Before leaving on this trip, I had consulted a good friend who had taken a similar trip on bike down the middle of Mexico to Guatemala the previous year. On the mental experience, she said that I would see whether of not the things that I thought about myself were true. Putting yourself on the line, you see if you can walk the walk. As for me, I have realized that I can´t keep on living the illusion that things are supposed to go my way. I feel sorry for the people that have been close to me and suffered the wrath I have taken out on them when something went wrong. That´s no way to live. It makes people tip toe around you - that is if they still want to be around you. But who knows, they may grow tired of that leave you alltogether eventually. I don´t want that. So how am I going to react? What will I do? Its a simple lesson, but one that continues to slip my mind in moments of frustration when nothing seems to be going my way. Will I frown, yell, kick, and give up, OR will I yield, reflect, think, smile, and move on, like water around a rock...

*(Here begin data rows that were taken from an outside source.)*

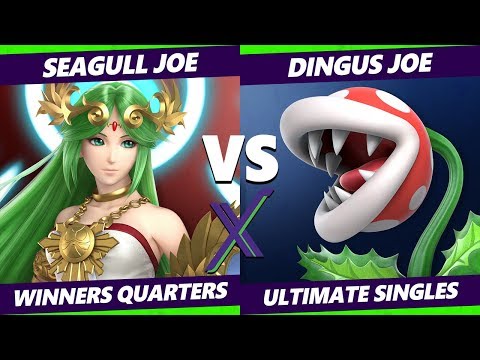 Smash Ultimate Tournament - Seagull Joe (Palutena) Vs. Dingus Joe (G&W, Piranha Plant) S@X 298 SSBU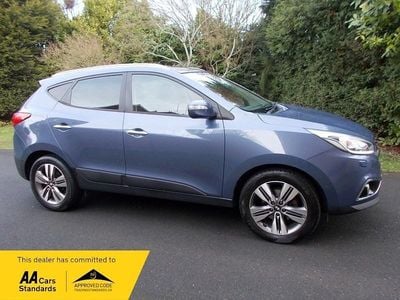 Blue Used 2014 Hyundai ix35 Premium SUV | £3,995 (Fair price)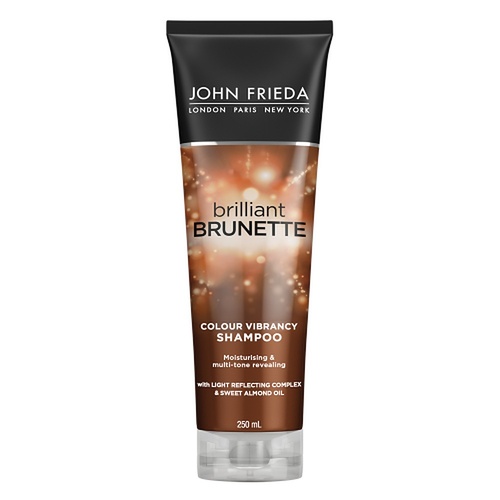 John Frieda Brunette Colour Protecting Moisturising Shampoo 250mL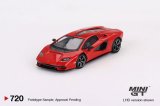 画像: MINI GT 1/64 Lamborghini Countach LPI 800-4 Rosso Mars (LHD)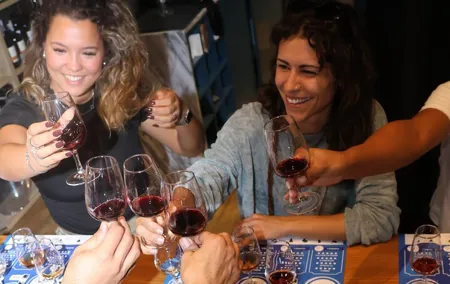5 Port Wine Tasting with pairings
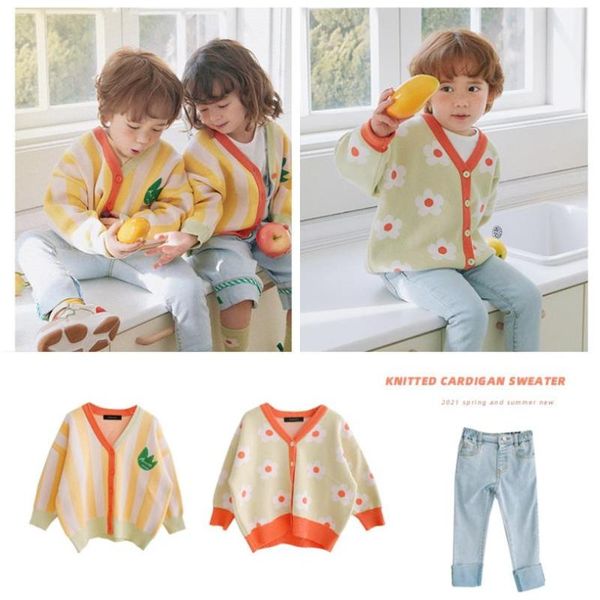 pullover kids sweater 2021 spring autumn flowers knitting children v-neck fashion cardigan 1-10y wz50, Blue
pullover kids sweater 2021 spring autumn flowers knitting children v-neck fashion cardigan 1-10y wz50, Blue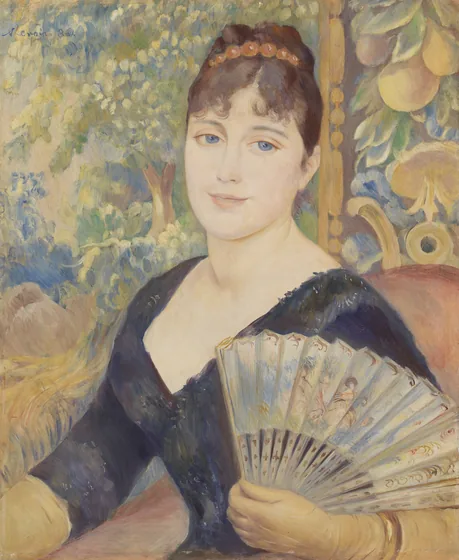 Woman with Fan (Femme à l'éventail)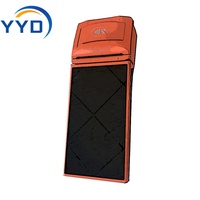 Terminal de point de vente Android 3G à écran tactile d'occasion V1, machine de point de vente Android 5.0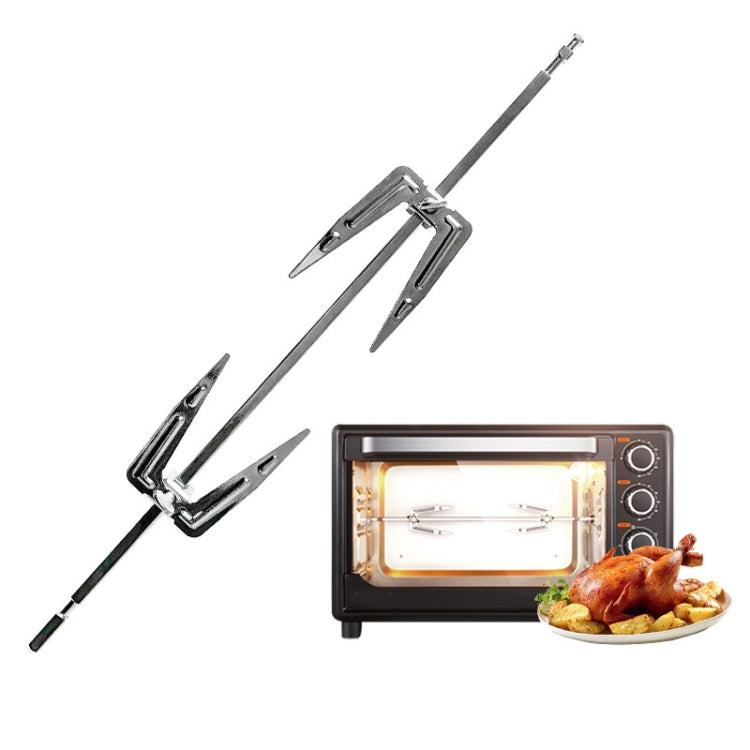 Stainless Steel Roast Chicken Skewer Cook Oven BBQ Grilled Fork, BBQ Grilled Fork BBQ Grilled Fork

I finally did get to the coast. Santa Rosalia was a nice, small town, full of mechanics and tire shops, clothes stores, restaurants, hotels, markets, and fisheries. The shore was mostly rocky, the water a deep blue. After getting directions to a bike shop, which sold wedding gowns and bike tires (??), it was closed, as it was siesta, and the lady sweeping the front porch that she´d open it back up the next day, or at five. Feeling a bit confused, I asked for another shop. There happened to be one on the way out of town right off the main highway. Although he had no innertubes my size with the long stems, he gave me a few little pieces that turn a presta valve into a shrader valve (which most tires in the world have). These little pieces, when attached to the valve stems of my spare tires, will give them the extra bit of length needed so that when I replace my rear innertube, I will be able to pump them up. Now, seemingly off the of the precarious ridge I had been riding on, I am a bit more confident and able to relax. Although I still have no pump, I will be able to use Laurel´s until I pick up a new one, and now I have plenty of spare tubes to go around. We just got to Mulege, thirty miles south of Santa Rosalia, and headed a bit further south, to camp somewhere along the coast of the Bahia de Concepcion. It is supposed to be warmer, with sandier beaches, and plenty of palm trees.